Mais cette visite en Israël a également pour but de s’attirer les faveurs de l’électorat américain. Si les juifs américains votent en large majorité démocrate (à 78% lors de l’élection présidentielle de 2008), le camp républicain espère néanmoins affaiblir leur soutien à Barack Obama dans plusieurs États, dont celui, décisif, de Floride. Et par la même occasion ranger de son côté les chrétiens conservateurs pas encore acquis à sa cause. "Les évangélistes sont généralement pro-israéliens et ils soutiendront le réchauffement des relations israélo-américaines prôné par Romney", prédit John Fortier.

Mitt Romney a cependant encore beaucoup de choses à prouver. Si le candidat républicain a insisté à plusieurs reprises sur le fait que sa stratégie au Proche-Orient serait à l’opposée de celle de Barack Obama, il est temps pour lui de préciser sa pensée et de détailler sa vision – notamment en ce qui concerne le conflit en Syrie et la possible offensive israélienne en Iran.

Marquer des points en Pologne

Troisième et non moins importante étape de sa tournée, la Pologne sera une occasion en or pour le républicain de reprendre la main sur la politique étrangère. Mitt Romney doit rencontrer l’ancien président polonais et fondateur du mouvement Solidarnosc, Lech Walesa, qui avait refusé de rencontrer Barack Obama en 2011. Romney devrait y louer la croissance polonaise, preuve de l’efficacité du libre-échange prôné par les républicains, tandis que sa fermeté à l’égard de la Russie ne devrait pas être pour déplaire aux Polonais.

Mais Michael O’Hanlon avertit que "si Romney use de nouveau de la rhétorique anti-russe qu’il affectionnait il y a quelques mois, cela peut le rendre vulnérable". En mars dernier sur la chaîne d’information CNN, le candidat avait en effet qualifié la Russie "d’ennemi géopolitique numéro un" des États-Unis, provoquant les critiques acerbes de nombres d’experts politiques internationaux.
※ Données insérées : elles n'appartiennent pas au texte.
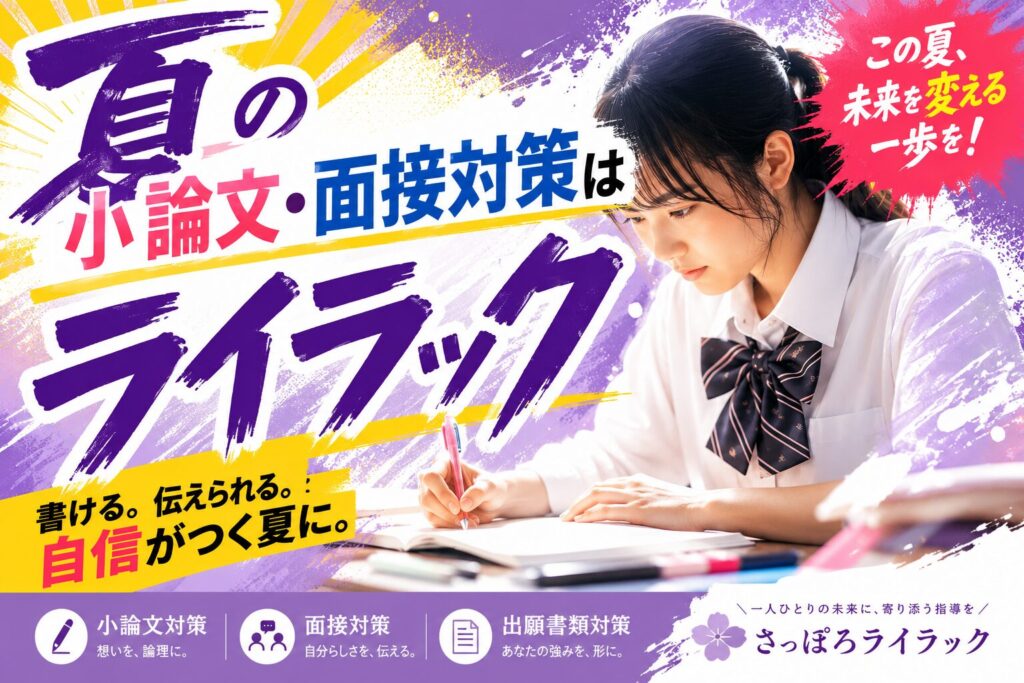 【夏期講習】総合型選抜 一貫合格コース|小論文・志望理由書対策|札幌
De son côté, John Fortier estime que "le plus grand risque [de la tournée internationale de Romney] reste ce moment où il pourrait faire preuve d’inexpérience, dévoilerait ses failles en matière de politique étrangère ou se retrouverait au cœur d’une polémique."
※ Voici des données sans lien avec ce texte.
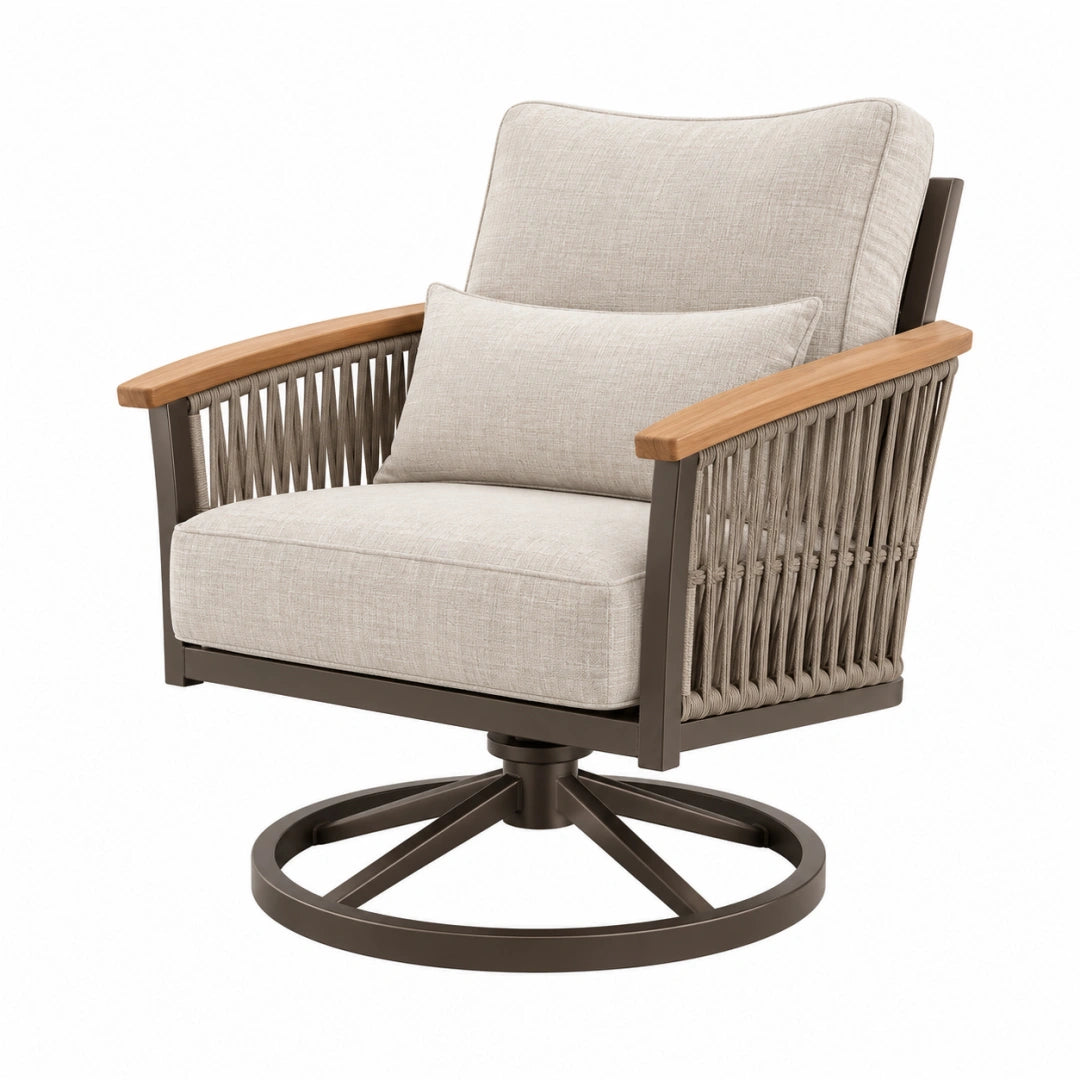 Drehbarer Garten-Loungesessel von Erandilo, aus Metall und Holz, beige-braun, mit komfortabler Sitzfläche und 78x85x92 cm Größe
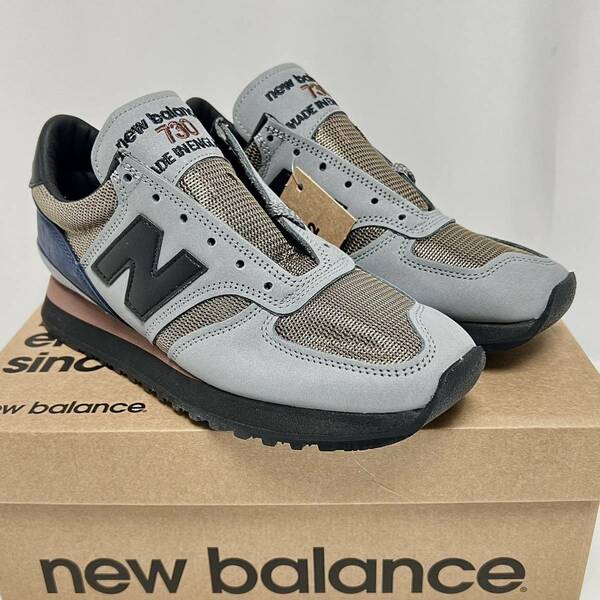 25cm 新品 ニューバランス 希少 M730 INV イギリス製 NEWBALANCE グレー ネイビー MADE IN ENGLAND 英国製 USA7 NewBalance 730 レア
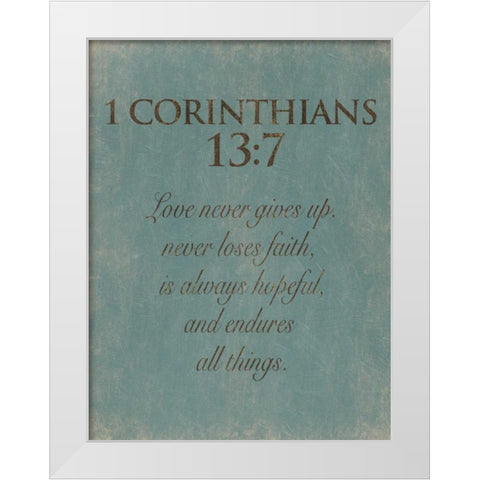 Corinthians 137 White Modern Wood Framed Art Print by Grey, Jace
C’est chose faite. À Londres, Romney ainsi que son équipe de campagne ont trébuché… et pas qu’une fois. Ce jeudi 26 juillet, le candidat républicain à la Maison Blanche a exprimé des réserves sur l’organisation des Jeux olympiques londonien, évoquant des "histoires déconcertantes" sur la sécurité et les conditions de travail. Sans parler de la controverse qui a éclaté après la publication d’un article le 25 juillet, dans le journal britannique Daily Telegraph, qui citait sous couvert d'anonymat deux conseillers de Mitt Romney accusant Barack Obama d'ignorer "l'héritage anglo-saxon" des Etats-Unis.

Démentis par le candidat républicain, ces propos n’en ont pas moins soulevé la colère des équipes du chef de l’État américain et la surprise de la presse britannique. "Ces déclarations peuvent être comprises comme une attaque voilée contre l'appartenance raciale du premier président noir des États-Unis", remarque le Telegraph. Une affaire qui fait tâche alors que la règle tacite aux États-Unis veut que les candidats à la présidentielle n'évoquent pas des affaires de politiques intérieures dans le cadre de voyage diplomatique à l'étranger.